It's that time of the year again... I am digging out my winter coat, trying hard to resist turning the heating on at night (I am not going to give in here! It's only October!), it's getting ever more difficult to drag myself out of bed in the morning and when I leave work in the evening, it's already dark outside! These, alongside an increasing fatigue which isn't confined to the early mornings and late evenings anymore, are definitive signs of the autumn being in full swing. And every year I get this irresistable wish to withdraw into some cave and hibernate - obviously not without the comforts of a cosy bed, open fireplace, candle-light and loads of comforting food and wine. I am not a bear, after all, am I?
My growing more tired every day and spending less time outdoors goes hand in hand with increased activity in my fondue pot - whether the traditional fondue bourguignonne over the Christmas holidays or the, more frequent, cheese fondues for a lazy weekend dinner. For the latter, we keep experimenting with different combinations of cheeses, sometimes out of necessity when a certain variety is not available, sometimes out of sheer curiosity. Last weekend, I put some pesto in with the cheese (Raclette & Mozzarella), then skewered sunblush tomatoes and basil up with the bread... compared to the traditional version of cheese, bread and coldmeats, the tomatoes really lift the taste to make this an almost summery combination which feels somewhat lighter, although it is just as delicious and comforting - it may be the perfect bridge between the warmer and the colder seasons!
Italian cheese fondue
(serves 3 generously)
300 ml dry white wine (I used an Italian Pinot Grigio)
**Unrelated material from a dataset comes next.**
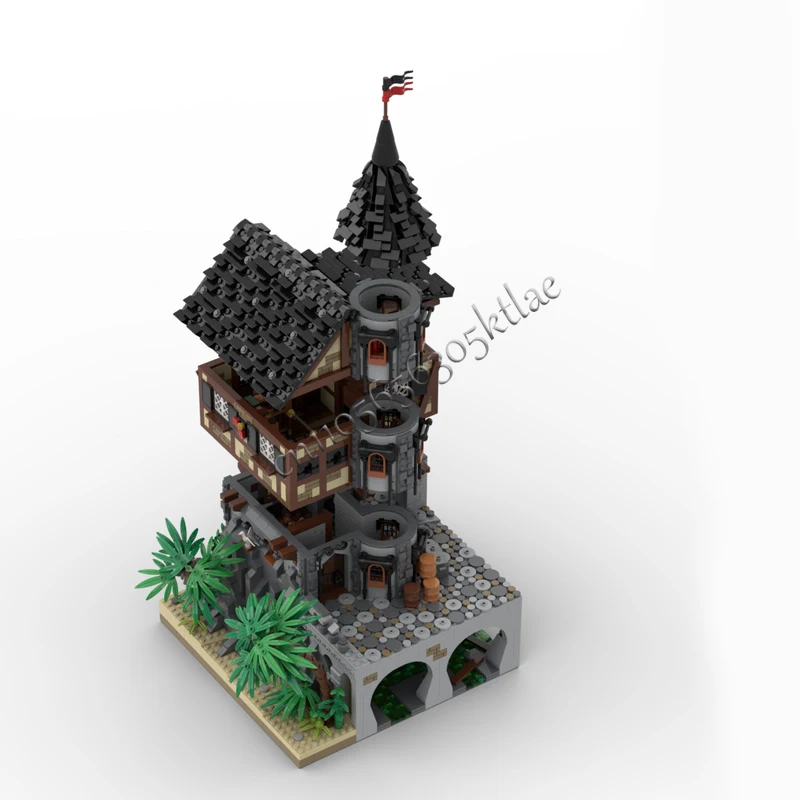 11944 قطعة MOC تخصيص القرون الوسطى بناء مدينة القراصنة الكبيرة نموذج بنة لتقوم بها بنفسك التعليم الجمعية الاطفال اللعب مفاجأة هدية #5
470 g Raclette cheese (grated)
250 g Mozzarella (cut in 2 cm cubes)
3 tbsp pesto
To serve:
ciabatta (cut in 3-4 cm cubes)
sunblush tomatoes
basil leaves
you can also try:
thinly sliced Parma ham
chargrilled artichokes
olives
Heat the wine in the fondue pot, add the Raclette and Mozzarella in batches, stirring continuously until all the cheese has melted. Stir in the pesto. If needed, you can add some corn starch or thickening granules for better binding.
Serve the cheese hot, dunking it up with skewers of ciabatta, tomatoes and basil, or any other combinations you prefer.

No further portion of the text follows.